#### Material for the task ####

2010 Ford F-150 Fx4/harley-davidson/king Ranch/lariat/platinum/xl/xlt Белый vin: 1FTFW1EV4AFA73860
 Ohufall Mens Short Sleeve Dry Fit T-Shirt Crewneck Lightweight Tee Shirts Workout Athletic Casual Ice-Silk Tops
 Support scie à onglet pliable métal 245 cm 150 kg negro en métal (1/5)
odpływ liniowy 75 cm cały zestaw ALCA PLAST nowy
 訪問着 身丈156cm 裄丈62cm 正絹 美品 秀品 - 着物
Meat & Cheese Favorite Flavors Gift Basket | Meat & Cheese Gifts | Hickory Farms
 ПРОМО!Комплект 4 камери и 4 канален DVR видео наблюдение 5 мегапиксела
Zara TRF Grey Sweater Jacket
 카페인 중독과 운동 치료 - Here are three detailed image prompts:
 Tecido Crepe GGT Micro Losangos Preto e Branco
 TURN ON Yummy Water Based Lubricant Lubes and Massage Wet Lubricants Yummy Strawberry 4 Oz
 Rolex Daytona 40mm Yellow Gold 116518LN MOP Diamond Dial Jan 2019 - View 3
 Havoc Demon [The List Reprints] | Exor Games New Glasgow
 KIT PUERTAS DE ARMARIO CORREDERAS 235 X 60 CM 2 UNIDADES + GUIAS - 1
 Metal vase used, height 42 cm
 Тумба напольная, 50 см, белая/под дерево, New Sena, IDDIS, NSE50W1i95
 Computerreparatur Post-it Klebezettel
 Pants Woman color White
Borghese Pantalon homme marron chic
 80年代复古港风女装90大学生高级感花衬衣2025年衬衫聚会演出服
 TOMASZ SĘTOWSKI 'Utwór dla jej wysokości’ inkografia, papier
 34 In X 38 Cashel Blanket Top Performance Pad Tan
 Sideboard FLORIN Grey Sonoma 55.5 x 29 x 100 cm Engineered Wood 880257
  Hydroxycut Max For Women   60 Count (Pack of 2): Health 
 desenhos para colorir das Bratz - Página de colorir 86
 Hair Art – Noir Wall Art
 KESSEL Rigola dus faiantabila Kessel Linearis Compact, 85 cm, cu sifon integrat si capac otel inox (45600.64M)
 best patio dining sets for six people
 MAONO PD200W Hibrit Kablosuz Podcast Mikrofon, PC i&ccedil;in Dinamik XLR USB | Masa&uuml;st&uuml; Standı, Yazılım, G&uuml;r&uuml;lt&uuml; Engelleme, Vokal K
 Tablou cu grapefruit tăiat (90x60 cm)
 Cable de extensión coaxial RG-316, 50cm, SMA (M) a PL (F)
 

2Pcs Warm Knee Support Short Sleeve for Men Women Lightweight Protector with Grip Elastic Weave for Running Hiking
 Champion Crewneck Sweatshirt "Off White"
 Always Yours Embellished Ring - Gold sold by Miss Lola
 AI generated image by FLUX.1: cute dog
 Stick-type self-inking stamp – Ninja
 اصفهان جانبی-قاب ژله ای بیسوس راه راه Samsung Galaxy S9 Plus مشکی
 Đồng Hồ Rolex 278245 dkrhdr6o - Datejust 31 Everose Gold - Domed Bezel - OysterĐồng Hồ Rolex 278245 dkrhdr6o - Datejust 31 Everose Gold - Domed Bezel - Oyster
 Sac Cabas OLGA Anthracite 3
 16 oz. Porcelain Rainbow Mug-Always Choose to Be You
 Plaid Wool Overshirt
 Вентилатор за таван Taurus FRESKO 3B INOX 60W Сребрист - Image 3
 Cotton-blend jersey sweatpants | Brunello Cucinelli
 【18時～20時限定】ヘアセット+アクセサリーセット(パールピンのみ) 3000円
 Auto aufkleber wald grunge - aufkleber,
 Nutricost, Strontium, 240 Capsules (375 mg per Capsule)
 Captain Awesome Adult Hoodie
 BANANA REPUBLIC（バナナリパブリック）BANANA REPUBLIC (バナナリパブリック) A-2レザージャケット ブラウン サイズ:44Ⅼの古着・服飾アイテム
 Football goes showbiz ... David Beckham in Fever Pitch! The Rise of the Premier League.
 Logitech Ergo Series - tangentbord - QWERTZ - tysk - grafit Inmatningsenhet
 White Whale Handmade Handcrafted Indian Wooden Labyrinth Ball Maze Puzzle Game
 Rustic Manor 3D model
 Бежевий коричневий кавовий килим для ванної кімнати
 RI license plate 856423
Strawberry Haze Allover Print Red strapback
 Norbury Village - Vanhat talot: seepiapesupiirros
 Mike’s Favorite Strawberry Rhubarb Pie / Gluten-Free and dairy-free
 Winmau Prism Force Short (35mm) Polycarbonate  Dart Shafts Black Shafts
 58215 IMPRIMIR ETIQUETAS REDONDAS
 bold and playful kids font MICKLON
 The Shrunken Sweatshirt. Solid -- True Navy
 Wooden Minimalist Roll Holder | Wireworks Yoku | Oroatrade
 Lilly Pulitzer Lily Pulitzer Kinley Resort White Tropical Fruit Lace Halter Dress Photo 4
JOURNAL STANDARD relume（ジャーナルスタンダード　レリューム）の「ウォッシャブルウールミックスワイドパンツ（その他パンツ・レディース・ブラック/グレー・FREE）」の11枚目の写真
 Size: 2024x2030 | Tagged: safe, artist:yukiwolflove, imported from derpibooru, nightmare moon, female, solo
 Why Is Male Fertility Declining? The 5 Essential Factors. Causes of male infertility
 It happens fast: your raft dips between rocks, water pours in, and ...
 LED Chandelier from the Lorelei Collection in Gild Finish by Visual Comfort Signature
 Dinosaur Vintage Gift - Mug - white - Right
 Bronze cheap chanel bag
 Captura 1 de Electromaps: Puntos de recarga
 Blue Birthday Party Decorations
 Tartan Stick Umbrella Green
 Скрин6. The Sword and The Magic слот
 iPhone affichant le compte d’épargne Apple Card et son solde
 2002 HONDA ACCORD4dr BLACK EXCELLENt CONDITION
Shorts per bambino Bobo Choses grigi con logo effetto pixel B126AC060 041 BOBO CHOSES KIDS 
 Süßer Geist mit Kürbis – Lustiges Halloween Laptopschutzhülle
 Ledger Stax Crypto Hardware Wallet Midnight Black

####

▶ **Exercise**: Output only an exact transcription of the lines above from the one with "Rustic Manor 3D model" up to and including the one with "Lilly Pulitzer Lily".

▶ **Answer section**:
 Rustic Manor 3D model
 Бежевий коричневий кавовий килим для ванної кімнати
 RI license plate 856423
Strawberry Haze Allover Print Red strapback
 Norbury Village - Vanhat talot: seepiapesupiirros
 Mike’s Favorite Strawberry Rhubarb Pie / Gluten-Free and dairy-free
 Winmau Prism Force Short (35mm) Polycarbonate  Dart Shafts Black Shafts
 58215 IMPRIMIR ETIQUETAS REDONDAS
 bold and playful kids font MICKLON
 The Shrunken Sweatshirt. Solid -- True Navy
 Wooden Minimalist Roll Holder | Wireworks Yoku | Oroatrade
 Lilly Pulitzer Lily Pulitzer Kinley Resort White Tropical Fruit Lace Halter Dress Photo 4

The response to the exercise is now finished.